**Task to complete:** Leave the pictures in the listing below aside and reproduce exactly the lines starting with the one with "1876-1918, p. 19" and going on through the one with "备战2023年地理新中考二轮", both ends included.

**Input for this task:**

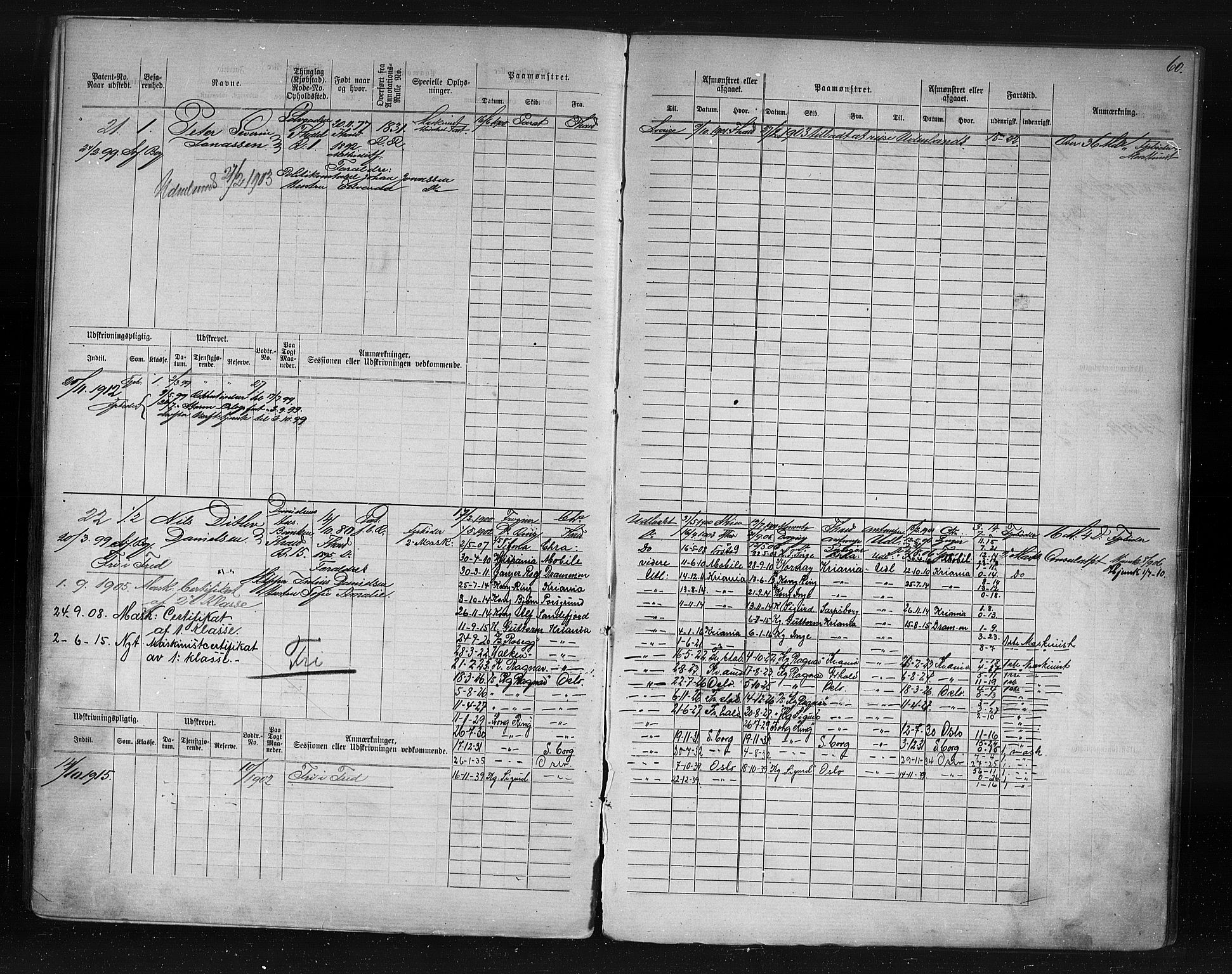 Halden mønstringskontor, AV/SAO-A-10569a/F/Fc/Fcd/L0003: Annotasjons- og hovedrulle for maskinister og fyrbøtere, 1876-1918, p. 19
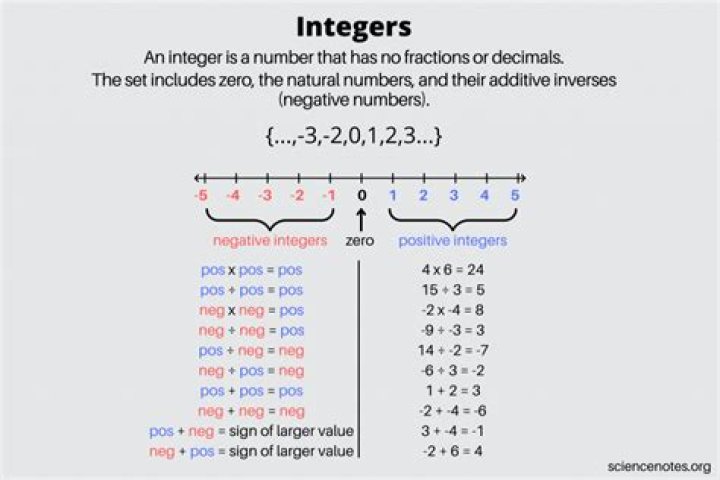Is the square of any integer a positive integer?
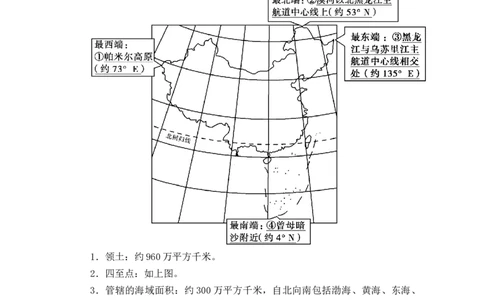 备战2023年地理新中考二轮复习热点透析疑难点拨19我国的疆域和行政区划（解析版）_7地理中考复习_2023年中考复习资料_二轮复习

...

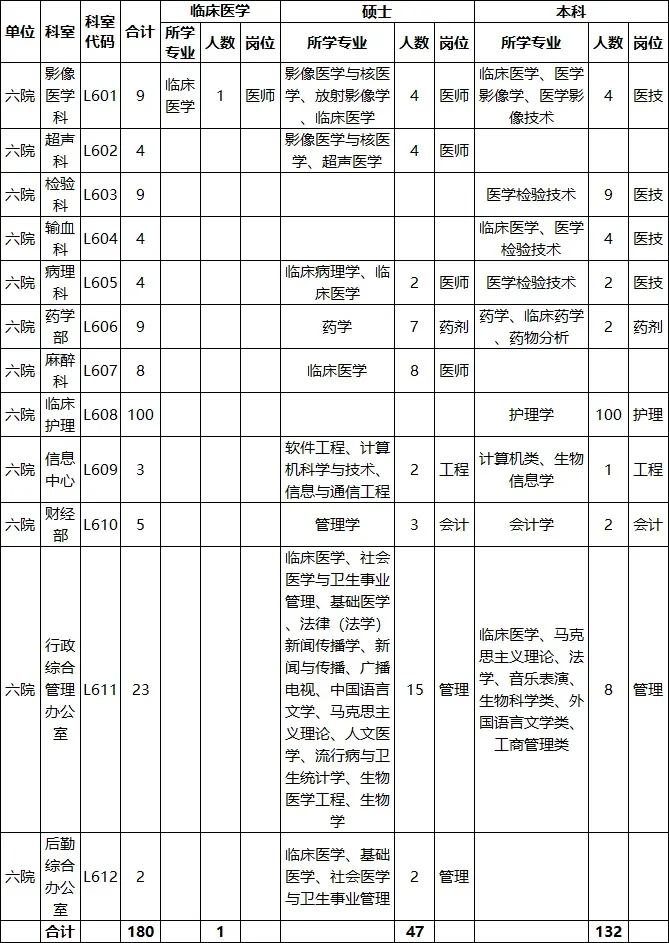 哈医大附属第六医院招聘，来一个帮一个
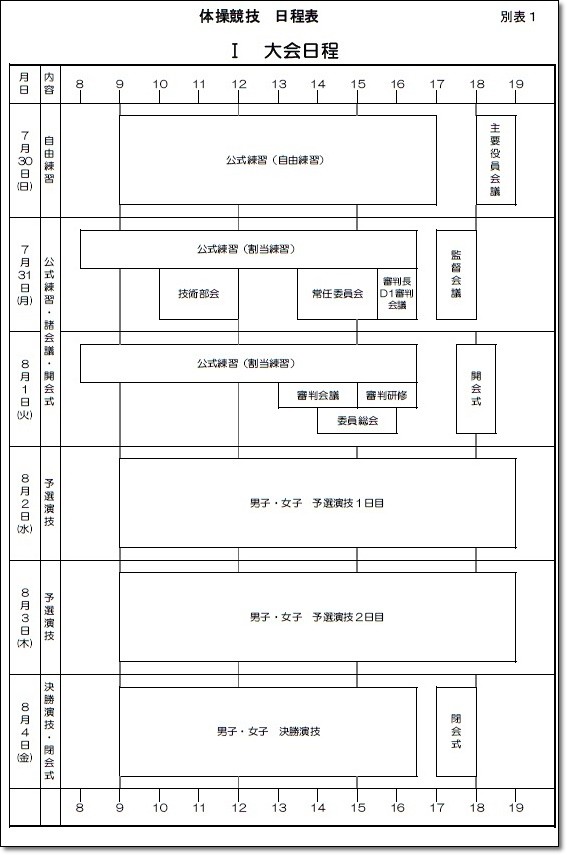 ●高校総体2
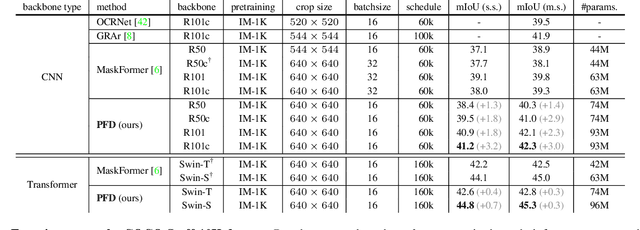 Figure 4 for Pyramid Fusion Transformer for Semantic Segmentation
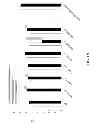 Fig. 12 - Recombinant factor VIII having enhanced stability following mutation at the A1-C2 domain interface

**Problem solution:**
 Halden mønstringskontor, AV/SAO-A-10569a/F/Fc/Fcd/L0003: Annotasjons- og hovedrulle for maskinister og fyrbøtere, 1876-1918, p. 19
Is the square of any integer a positive integer?
 备战2023年地理新中考二轮复习热点透析疑难点拨19我国的疆域和行政区划（解析版）_7地理中考复习_2023年中考复习资料_二轮复习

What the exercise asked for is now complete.